(PROVIDED ENTRIES begins)

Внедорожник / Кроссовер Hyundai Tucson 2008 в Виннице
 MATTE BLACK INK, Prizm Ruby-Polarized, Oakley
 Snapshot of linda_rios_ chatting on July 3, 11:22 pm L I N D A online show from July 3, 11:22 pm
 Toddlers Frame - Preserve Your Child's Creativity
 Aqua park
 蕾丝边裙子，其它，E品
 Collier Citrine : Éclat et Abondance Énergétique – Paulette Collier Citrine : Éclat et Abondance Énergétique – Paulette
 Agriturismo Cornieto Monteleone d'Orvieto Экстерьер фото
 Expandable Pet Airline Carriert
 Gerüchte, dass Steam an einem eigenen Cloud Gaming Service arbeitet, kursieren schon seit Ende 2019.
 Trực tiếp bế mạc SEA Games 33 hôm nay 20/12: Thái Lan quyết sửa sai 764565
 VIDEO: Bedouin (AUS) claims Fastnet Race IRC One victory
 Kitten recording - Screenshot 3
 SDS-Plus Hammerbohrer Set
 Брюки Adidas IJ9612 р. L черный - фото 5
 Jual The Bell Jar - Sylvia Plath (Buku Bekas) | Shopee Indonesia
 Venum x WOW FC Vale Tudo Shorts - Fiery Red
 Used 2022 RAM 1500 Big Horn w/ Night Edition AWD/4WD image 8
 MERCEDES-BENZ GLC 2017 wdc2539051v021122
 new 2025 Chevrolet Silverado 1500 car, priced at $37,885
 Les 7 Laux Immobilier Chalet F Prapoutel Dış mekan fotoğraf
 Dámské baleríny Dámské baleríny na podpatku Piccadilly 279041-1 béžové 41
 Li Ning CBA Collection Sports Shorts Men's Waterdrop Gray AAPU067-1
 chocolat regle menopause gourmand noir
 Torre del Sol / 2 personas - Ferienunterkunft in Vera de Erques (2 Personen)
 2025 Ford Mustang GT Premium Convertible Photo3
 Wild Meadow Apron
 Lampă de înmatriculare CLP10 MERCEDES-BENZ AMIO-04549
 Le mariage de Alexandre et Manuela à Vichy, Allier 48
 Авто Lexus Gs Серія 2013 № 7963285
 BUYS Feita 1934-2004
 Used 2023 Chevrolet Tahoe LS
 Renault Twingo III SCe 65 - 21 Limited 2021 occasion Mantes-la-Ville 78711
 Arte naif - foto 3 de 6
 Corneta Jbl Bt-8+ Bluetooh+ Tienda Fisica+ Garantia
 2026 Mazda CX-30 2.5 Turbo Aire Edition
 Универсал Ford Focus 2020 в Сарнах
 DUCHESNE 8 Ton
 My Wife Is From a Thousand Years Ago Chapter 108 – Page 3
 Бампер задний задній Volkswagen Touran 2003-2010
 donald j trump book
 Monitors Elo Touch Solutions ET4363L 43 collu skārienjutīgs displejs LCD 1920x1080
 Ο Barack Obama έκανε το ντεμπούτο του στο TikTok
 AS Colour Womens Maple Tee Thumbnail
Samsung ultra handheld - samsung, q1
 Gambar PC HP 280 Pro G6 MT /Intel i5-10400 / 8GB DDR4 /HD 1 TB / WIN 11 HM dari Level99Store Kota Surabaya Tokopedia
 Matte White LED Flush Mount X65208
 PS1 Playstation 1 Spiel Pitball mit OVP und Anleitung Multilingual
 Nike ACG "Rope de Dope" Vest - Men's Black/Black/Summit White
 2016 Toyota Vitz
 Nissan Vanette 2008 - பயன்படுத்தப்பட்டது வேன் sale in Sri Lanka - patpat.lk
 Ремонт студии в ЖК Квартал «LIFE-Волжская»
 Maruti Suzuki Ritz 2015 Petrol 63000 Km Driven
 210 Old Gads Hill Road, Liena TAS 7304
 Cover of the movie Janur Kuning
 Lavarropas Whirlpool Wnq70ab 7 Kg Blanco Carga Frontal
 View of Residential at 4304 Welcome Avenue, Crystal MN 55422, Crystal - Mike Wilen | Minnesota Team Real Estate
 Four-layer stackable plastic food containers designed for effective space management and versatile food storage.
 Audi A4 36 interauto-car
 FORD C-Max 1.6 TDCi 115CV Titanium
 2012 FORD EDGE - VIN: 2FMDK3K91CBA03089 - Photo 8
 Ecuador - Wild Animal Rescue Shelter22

(PROVIDED ENTRIES ends)

In the listing above, find the line with "View of Residential" and set down that line and all after it exactly, through the final line.

 View of Residential at 4304 Welcome Avenue, Crystal MN 55422, Crystal - Mike Wilen | Minnesota Team Real Estate
 Four-layer stackable plastic food containers designed for effective space management and versatile food storage.
 Audi A4 36 interauto-car
 FORD C-Max 1.6 TDCi 115CV Titanium
 2012 FORD EDGE - VIN: 2FMDK3K91CBA03089 - Photo 8
 Ecuador - Wild Animal Rescue Shelter22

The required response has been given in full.